CMS has agreed to limit the maintenance period of the Medicare Diabetes Prevention Program (DPP) to reduce burdens and financial risk on providers, but regulators did not budge on other key concerns when they finalized the program rule late Thursday.
Medicare DPP will launch April 1, 2018, more than 2 years after former HHS Secretary Sylvia Mathews Burwell announced that a pilot by the Center for Medicare and Medicaid Innovation (CMMI) had shown the DPP would save $2650 per beneficiary over 15 months. An estimated 84 million Americans have prediabetes, including 22 million age 65 years and older.
“Yesterday CMS released the Medicare Diabetes Prevention Program final rule which will guide the implementation of the Medicare DPP services next year. It is clear that CMS has closely listened to stakeholder feedback in several areas, including alignment and greater clarity for Medicare Advantage, which is now confirmed to start on April 1, 2018,” said Brenda Schmidt, CEO of Solera Health.

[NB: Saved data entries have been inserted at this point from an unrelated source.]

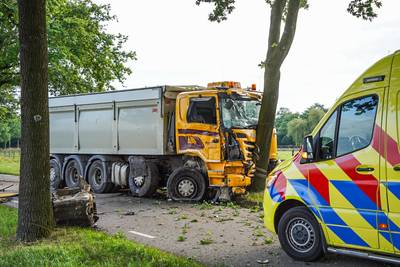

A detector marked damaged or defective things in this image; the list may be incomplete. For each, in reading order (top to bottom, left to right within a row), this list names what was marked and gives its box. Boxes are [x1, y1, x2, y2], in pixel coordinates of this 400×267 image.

damaged truck cab [48, 80, 276, 202]
shattered windshield [220, 97, 260, 130]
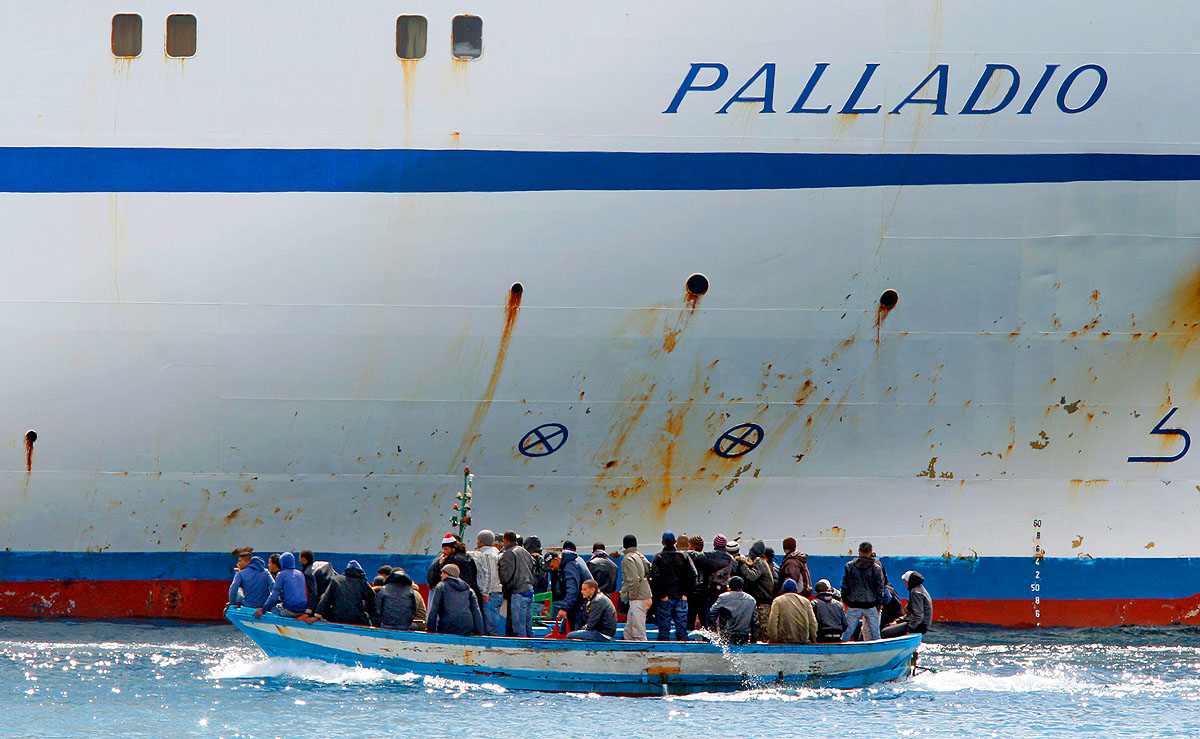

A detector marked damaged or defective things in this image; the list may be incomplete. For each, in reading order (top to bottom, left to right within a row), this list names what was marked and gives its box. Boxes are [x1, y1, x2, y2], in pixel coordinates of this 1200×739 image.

rust stain [448, 288, 516, 468]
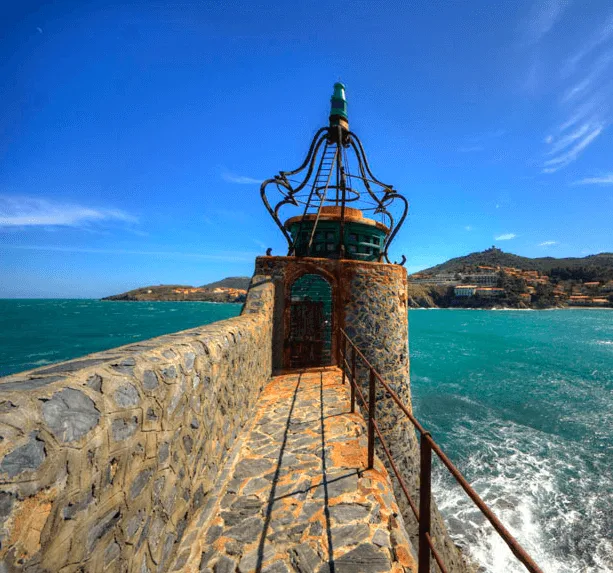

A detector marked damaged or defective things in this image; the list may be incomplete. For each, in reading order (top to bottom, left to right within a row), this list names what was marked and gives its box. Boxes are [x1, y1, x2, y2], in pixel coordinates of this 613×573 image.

rusty metal railing [340, 328, 544, 572]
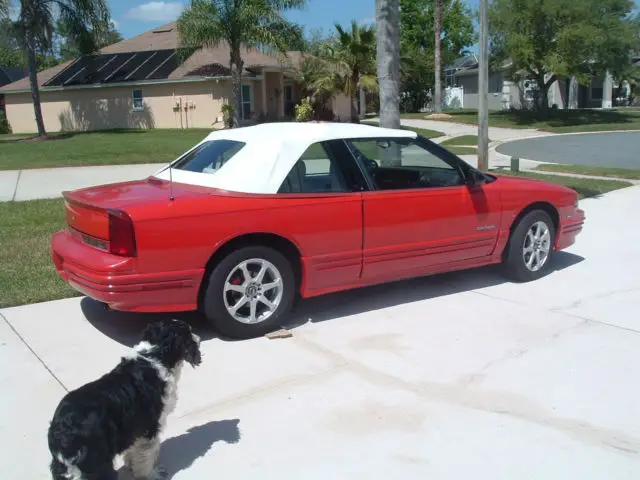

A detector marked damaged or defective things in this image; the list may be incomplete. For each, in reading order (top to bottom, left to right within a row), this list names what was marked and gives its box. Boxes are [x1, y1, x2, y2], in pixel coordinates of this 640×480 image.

driveway crack [0, 310, 68, 392]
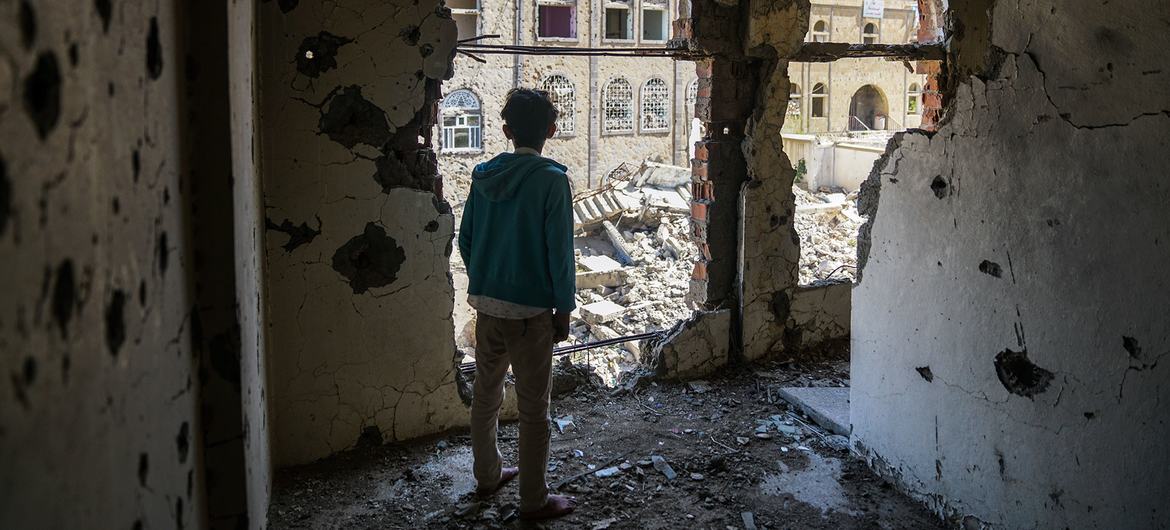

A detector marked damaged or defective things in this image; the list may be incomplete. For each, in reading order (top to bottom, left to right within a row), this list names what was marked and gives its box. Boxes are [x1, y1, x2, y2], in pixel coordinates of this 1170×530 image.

shattered wall [0, 2, 205, 524]
shattered wall [258, 0, 468, 462]
shattered wall [848, 0, 1168, 520]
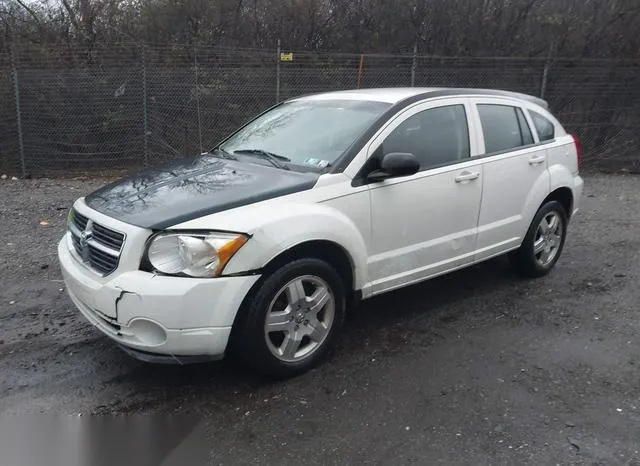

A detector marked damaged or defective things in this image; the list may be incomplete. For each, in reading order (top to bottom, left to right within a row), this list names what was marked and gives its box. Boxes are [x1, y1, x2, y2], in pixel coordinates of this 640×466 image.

damaged front bumper [57, 235, 260, 362]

The DPP is a yearlong, evidence-based lifestyle change program with a CDC-approved curriculum. The original program featured 16 weekly core sessions followed by 7 monthly sessions. Evidence shows the program stops prediabetes from progressing as participants make modest changes and lose 5% to 7% of body weight. In a landmark study by the National Institutes of Health, the program showed a 58% reduction in participants progressing to diabetes.
But as seen in the rulemaking process, what passes muster with CDC for efficacy with patients and what’s needed to prevent fraud with Medicare are not the same. Providers that today offer DPP through community groups and employers have raised concerns that CMS is creating so many barriers—without enough compensation—that many successful programs will pass on Medicare DPP.